Before you get started, make sure you:
✓ Familiarize yourself with TSB concepts
✓ Install the TSB environment. You can use TSB demo for quick install
✓ Completed TSB usage quickstart. This document assumes you already created Tenant and are familiar with Workspace and Config Groups. Also you need to configure tctl to your TSB environment
✓ Install httpbin

When you issue a delete request against a pod in your Kubernetes cluster, all containers within the pod are sent a SIGTERM. If the pod contains only a single container, it will receive a SIGTERM and go into the terminating state. However, if the pod contains a sidecar (in our case an istio-proxy sidecar), then it is not automatically guaranteed that the main application is terminated before the sidecar.

If the istio-proxy sidecar is terminated before the application, the following issues may occur:

1. All TCP connections (both inbound and outbound) are terminated abruptly.
2. Any connections from the application fail

While there is a proposed KEP for it, currently there is no straightforward way to tell Kubernetes to terminate the application before the sidecar.

However, it is possible to workaround this problem by configuring the drainDuration parameter. This configuration parameter controls the amount of time that the underlying envoy proxy drains inflight connections before fully terminating.

To take advantage of the drainDuration parameter, you will need to configure it in both the container sidecars, and the TSB gateways.

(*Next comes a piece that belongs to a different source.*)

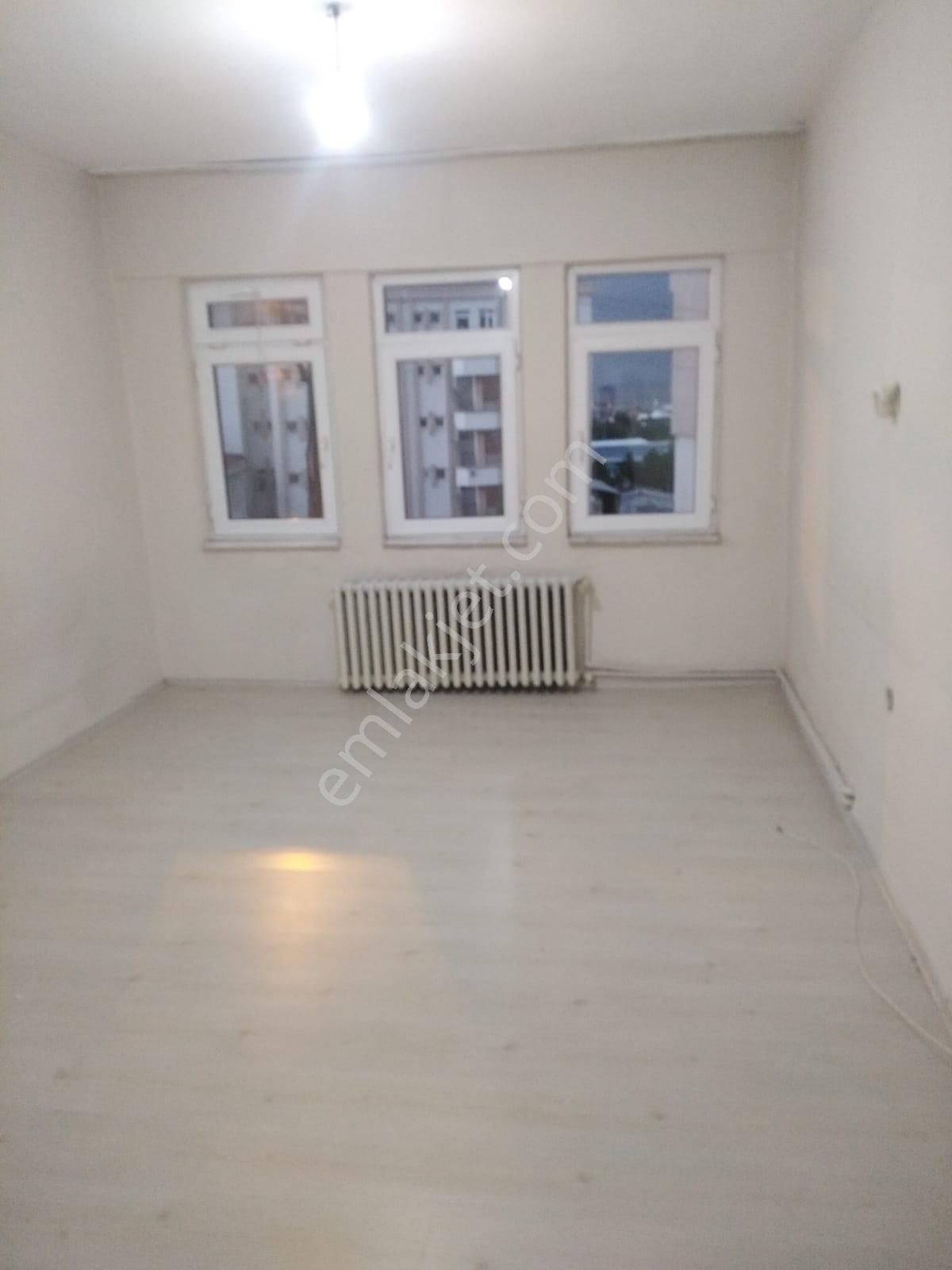 Kütahya Merkez Saray Satılık Daire  KOLÇAN EMLAK'TAN MEKEZDE SATILIK 2+1 DAİRE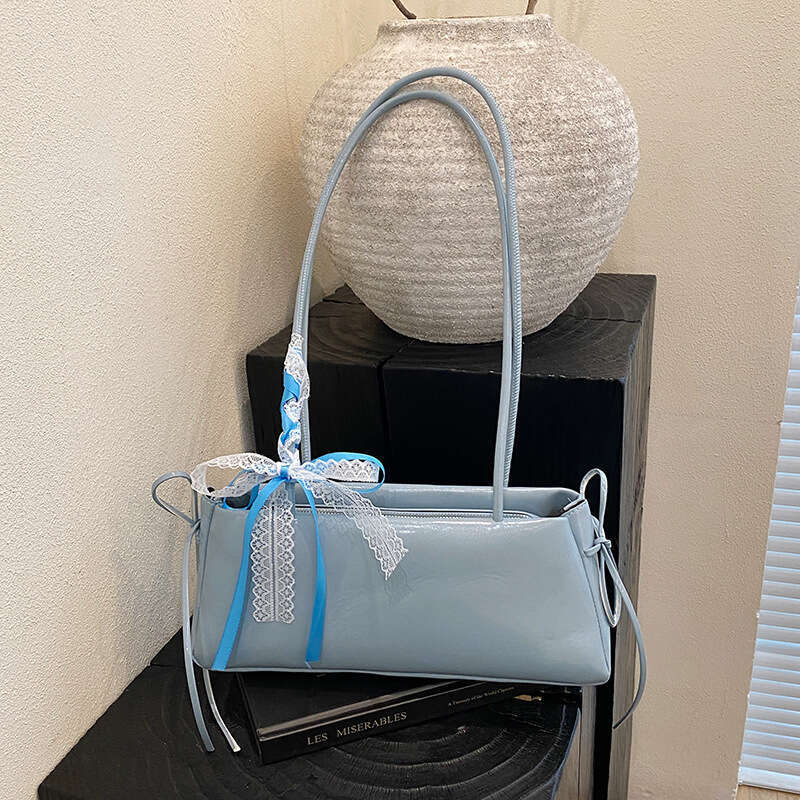 Korean Niche Fashion Underarm for Women 2025 New Simple Stylish Bowknot Shoulder Versatile Commuter Bag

Configuring drainDuration time for istio-proxy containers

You will need to apply an overlay to the ControlPlane CR or Helm values to set drainDuration. Consider the following example. Note that only applicable parts are shown -- you will most likely need a lot more configuration for your control plane.

spec: 
  ...
  components:
    istio:
      kubeSpec:
        overlays:
        - apiVersion: install.istio.io/v1alpha1
          kind: IstioOperator
          name: tsb-istiocontrolplane
          patches:
          - path: spec.meshConfig.defaultConfig.drainDuration
            value: 50s
  ...

After adding the overlay to your configuration, use the kubectl command to apply it to the ControlPlane CR:

kubectl apply -f controlplane.yaml

If you use Helm, you can update spec section of the control plane Helm values then do helm upgrade.

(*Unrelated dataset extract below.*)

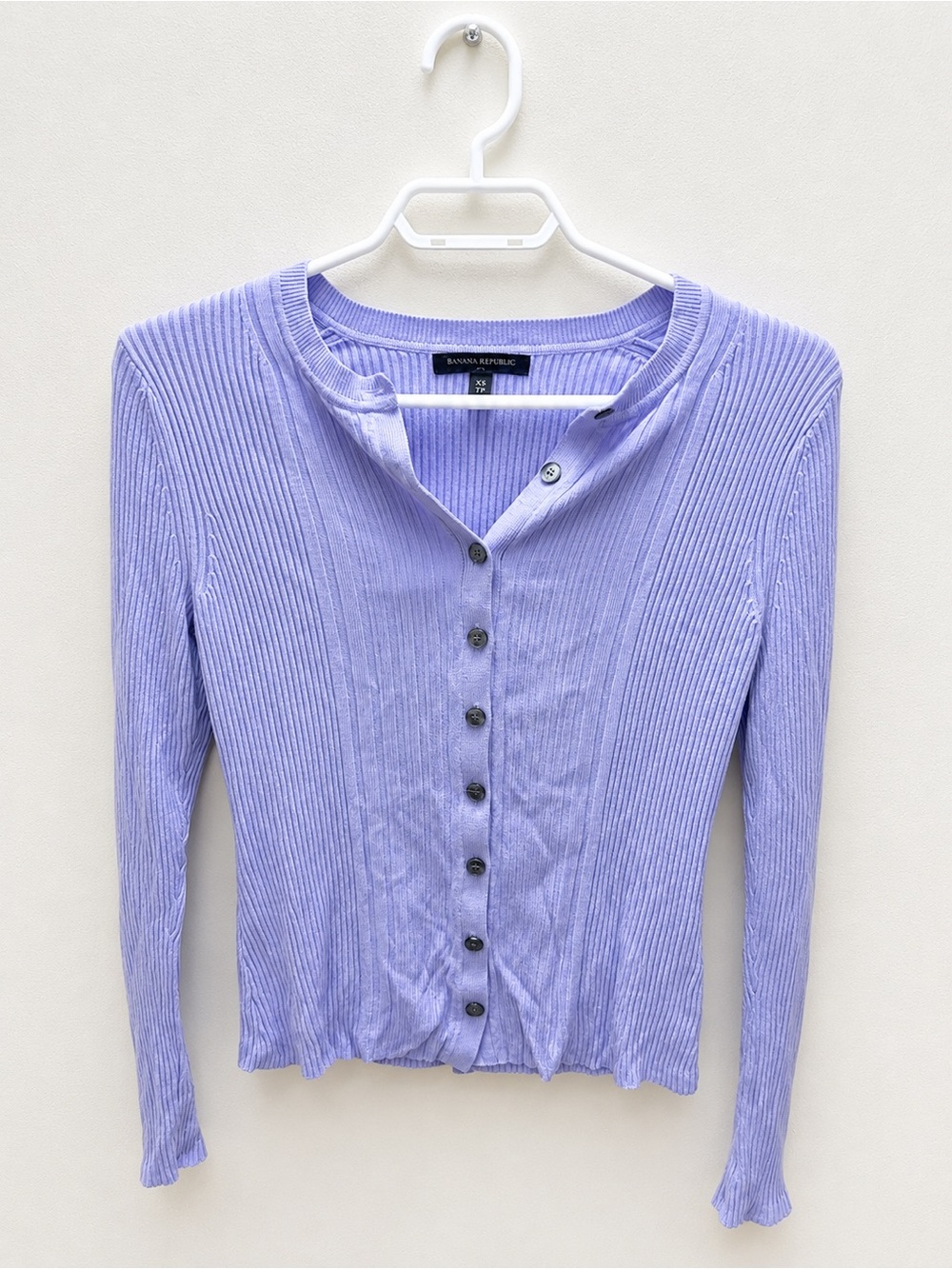 Banana Republic Lavender Ribbed Button-Front Long Sleeve Top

Verifying the drainDuration

You must restart of the workload with the istio-proxy to get the drainDuration in effect. Once you have restarted your workload, you can verify it by checking the config dump of the for envoy:

kubectl exec helloworld-v1-59fdd6b476-pjrtr -n helloworld -c istio-proxy -- pilot-agent request GET config_dump |grep -i drainDuration
       "drainDuration": "50s",

Configuring drainDuration for TSB gateways

If you are using TSB gateways such as IngressGateway, EgressGateway, or Tier1Gateway, you will need to configure your appropriate gateway type using the connectionDrainDuration parameter.

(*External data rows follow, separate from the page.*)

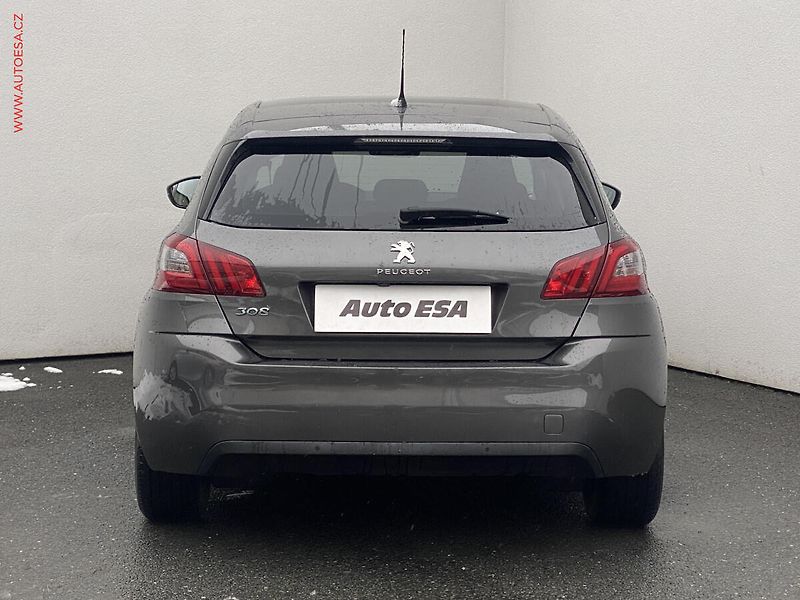 Peugeot 308 (2020) 1.2 PT, Allure, navi, panor - fotka 5 z 18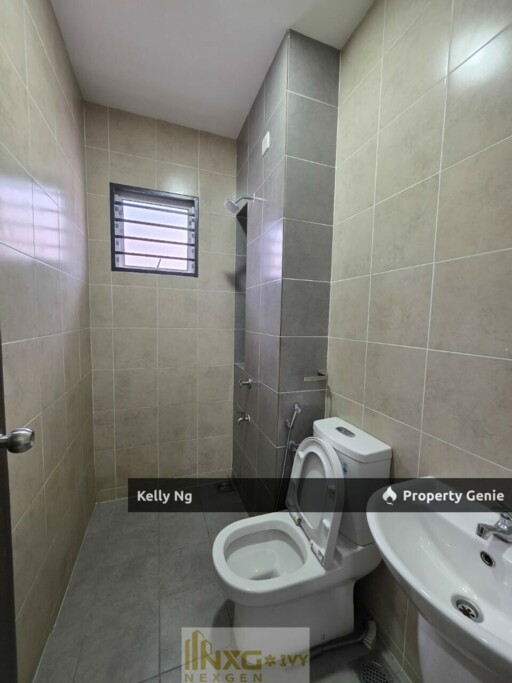 Double Sty House At Kota Bayuemas Klang For Rent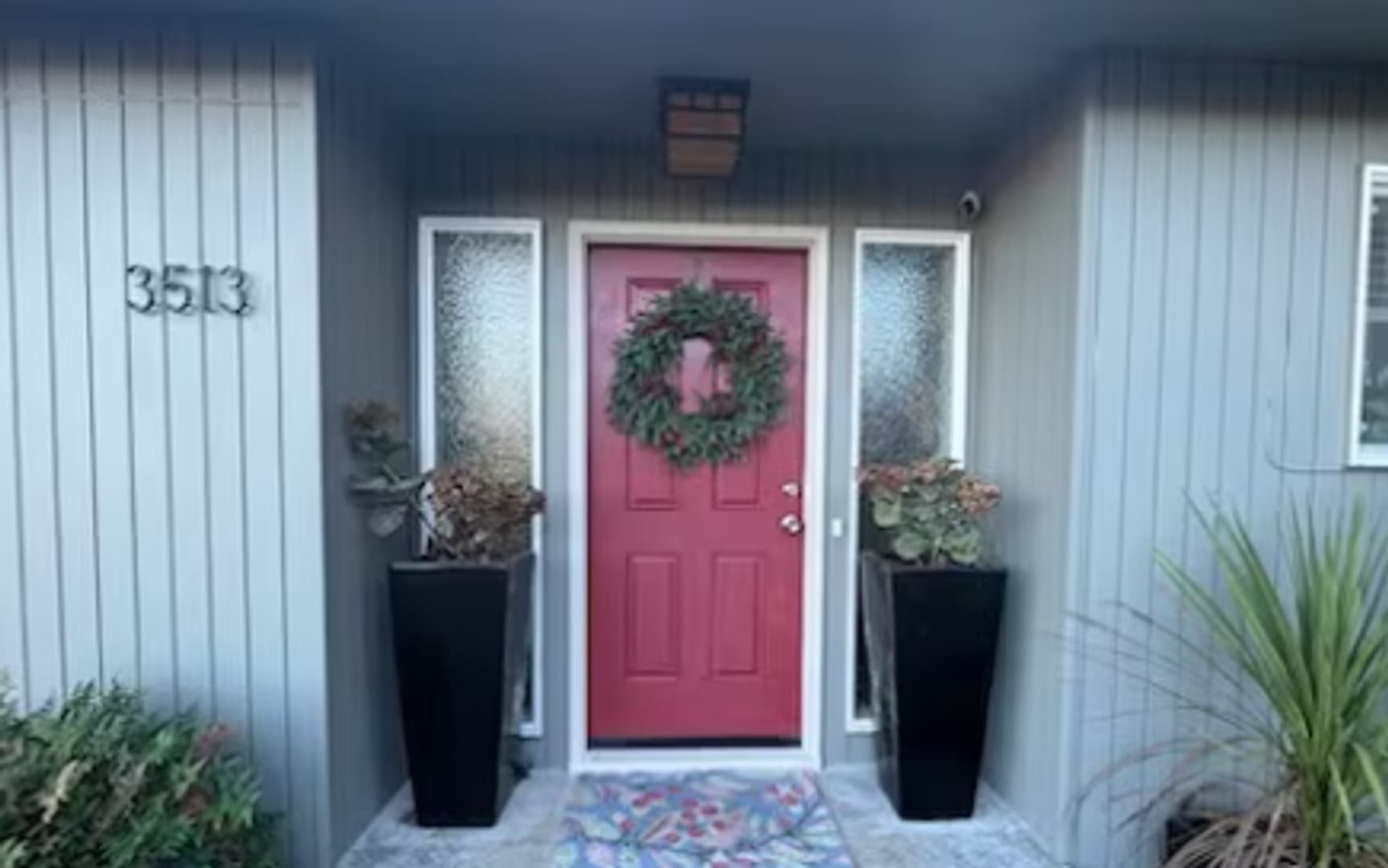 Charming Rambler 2 Bed 1 Bath Fence Backyard 1 Car Garage Available Sept 9Th – photo 2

You can query the current value for the connectionDrainDuration field on your gateway custom resource by issuing the following command:

kubectl get ingress helloworld-gateway  -n helloworld -oyaml | grep connectionDrainDuration:
  connectionDrainDuration: 22s

The following example shows how connectionDrainDuration may be set. Please read the spec for further information on the this field.

apiVersion: install.tetrate.io/v1alpha1
kind: IngressGateway
metadata:
  name: helloworld-gateway
spec:
  connectionDrainDuration: 10s
#  ... <snip> ...

Verifying the drainDuration in the TSB Gateway

To check the value for drainDuration that is being set on the pod, you can query the environment variable:

kubectl describe po helloworld-gateway-7d5d4c8d57-msfd6 -n helloworld | grep -i DRAIN
      TERMINATION_DRAIN_DURATION_SECONDS:  22

You can also verify this value by looking at the logs for the gateway pod when you terminate the gateway. If you watch the logs as the gateway pod is terminated, you should see messages resembling the following:

2022-03-29T06:02:50.423789Z     info    Graceful termination period is 22s, starting...
2022-03-29T06:03:12.423988Z     info    Graceful termination period complete, terminating remaining proxies.